The latter part of the twentieth century saw a decline in weaving in many communities for a variety of reasons. Today, thanks to the establishment of new programs for structured formal and informal learning, there has been a revitalization of Native weaving. Programs offered through Native organizations, tribal governments, museums, and state and national arts agencies include classes with master weavers and traditional arts apprenticeship programs. Weaver Marques Hanalei Marzan (Native Hawaiian) first studied in one such program: “I first learned weaving from Minewa Ka‘awa at the Bishop Museum.
My inspiration to learn came from my great grandmother’s weavings that my family cares for. The weavings made me want to bring back and awaken that knowledge in my family. Minewa Ka‘awa was the beginning of my journey.” These programs are ensuring the transmission of weaving culture and contributing to a renaissance of Native weaving within many Native contexts in the United States. A new generation of young weavers is emerging, determined to “keep the chain” of traditional weaving unbroken.
"My kumu, Aunty Gladys Grace, says that for a weaver to be good, you also have to give back. She wants us to take in the knowledge that she’s passing on to us, but she also
wants to pass it on to the next generation in
a traditional way of learning." —Michael Naho‘opi‘i
(Native Hawaiian)
Native basket makers not only recall how they learned to gather and weave but also speak often about the importance of their revered teachers. The words of mentors guide weavers, and their names are invoked with great respect for the knowledge they have shared.
Recent years have seen a growing awareness in Native communities that weaving practices and related indigenous knowledge systems are at risk. Weavers and cultural leaders have stepped forward to ensure that weaving knowledge is passed on to the next generation of weavers. Deborah E. McConnell (Hoopa, Yurok, and Quinault) is one who has taken on this duty: “Weaving has become a way of life for me and is always on my mind,” she explains. “It keeps me balanced and makes me feel like I have a place in the world. I especially like teaching basketry to youth because it is an integral part of our culture and who we are as people.”
Regional, state, and tribal gatherings of Native weavers over the past fifteen years have brought new opportunities for master teachers to share information within and across tribal and geographic lines.

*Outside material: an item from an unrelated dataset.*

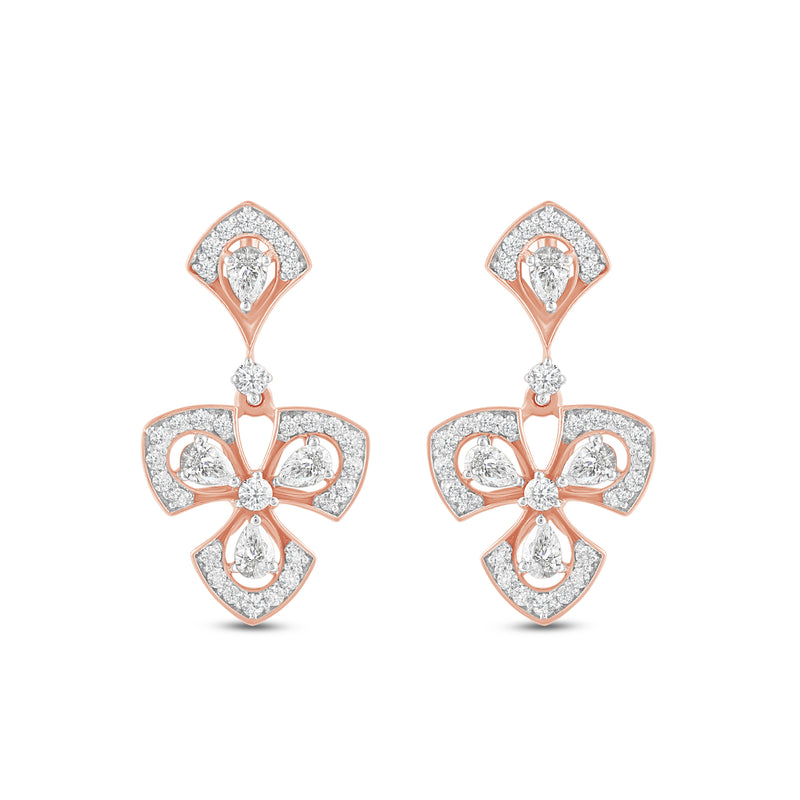 Raya Earrings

The California Indian Basketweavers Association is such an opportunity, explains weaver Jennifer Bates (Miwok): “This is what CIBA is all about: helping weavers find support and understanding; not being alone in what you do; finding out that you don’t have to feel isolated, there are others like yourself out there weaving and keeping the traditions alive.… We as an organization, and we as people coming together, should be very proud of the time, effort, teaching, laughter, tears, song, and sharing that we once again accomplished through this gathering.” Both weaving education and mastery of weaving have at times been taken for granted within communities, but they are now more valued as symbols of Native identity.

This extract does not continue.